Ok where is everyone thinking of going this season? Would like to hit another new lake this season up North, maybe St Helens. Am interested in the ice tourneys in NW PA if I can find a partner. Of course Erie if possible.


----------



## fishwendel2 (Nov 19, 2007)

If the Canadian borders stay open - Lake Simcoe


Sent from my iPhone using Tapatalk


----------



## Carpn (Apr 5, 2004)

Nothing new . Would like to go to green bay if I can find time . Not sure if I'll have enough vacation for that and hunting trips in 2022. 

Otherwise , Erie hopefully . But I'd it doesn't happen I'll do 3 four day weekends at Saginaw.


----------



## RStock521 (Jul 17, 2008)

Simcoe if we're allowed up there (not too hopeful), if not Green Bay for some whities.


----------



## Dave_E (Apr 6, 2004)

I've never ice fished Lake Erie. Would love to try for some eyes.


----------



## Workingman (Jan 21, 2016)

Like alalways I'll hit knox lake and or clear fork. Sporting a pair of boots, 5 gallon bucket, hand auger and some schooleys. Mama said to be a simple kind of man! Haha


----------



## Eye Doctor (Mar 15, 2014)

Western Basin (if the ice lets me) and Simcoe & Quinte (if Canada lets me).


----------



## Evinrude58 (Apr 13, 2011)

With the way things stand right now I don't see us getting to catch any Canadian fish.


----------



## HeaVyMeTaLFiSHinGFiEnD (Oct 2, 2010)

Im planning on making multiple trips to michigan this year.

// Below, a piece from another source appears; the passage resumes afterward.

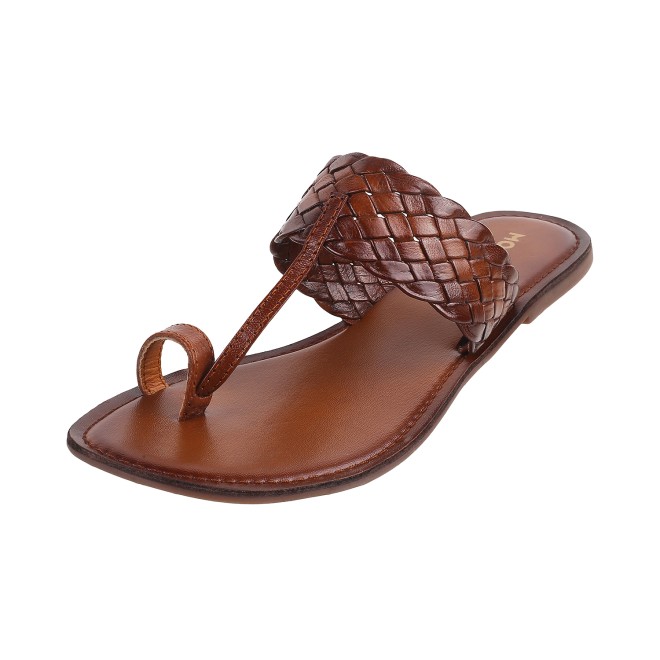 Mochi Women Tan Casual Slip Ons (SKU: 32-1800L-23-42)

My buddys parents live up there and he's been giving me some honey holes and great panfish lakes to check out.


----------



## set-the-drag (Jan 13, 2013)

Made a new friend who has a house on Chautauqua and want me to come up and ice with him. Mind you its a multi million dollar house soooo umm yeah im ready!!


----------



## wolfenstein (Jan 6, 2014)

I just got back from Maine, tried for lake trout wit no luck. Going to do some research and look for a lake closer to try through the ice. Any suggestions appreciated. Wisconsin or Minnesota not out if the picture either.


----------



## icebucketjohn (Dec 22, 2005)

Drill, Fish, Move.
Drill, Fish, Move.
Drill, Fish, Move.
Drill, Fish, Move
Drill, Fish, Move
Drill, Fish, Move


----------



## set-the-drag (Jan 13, 2013)

Im going to follow ibj 🤣


----------



## tomb (Oct 9, 2004)

icebucketjohn said:


> Drill, Fish, Move.
> Drill, Fish, Move.
> Drill, Fish, Move.
> Drill, Fish, Move
> ...


I'm going with Drill, Fish, Catch. 

Sent from my SM-G975U using Tapatalk


----------



## Stampede (Apr 11, 2004)

Me this far south, pray for cold weather! Pray for ice!!


----------



## Eye Spy (Sep 14, 2006)

Fished Saginaw bay last year for the first time and can’t wait to go back!


----------



## jcrevard (Feb 14, 2018)

Being from the Saginaw Bay area I'm really hoping to get out on Erie this winter. I don't care if it's Michigan or Ohio waters, been waiting to fish it for quite awhile now!


----------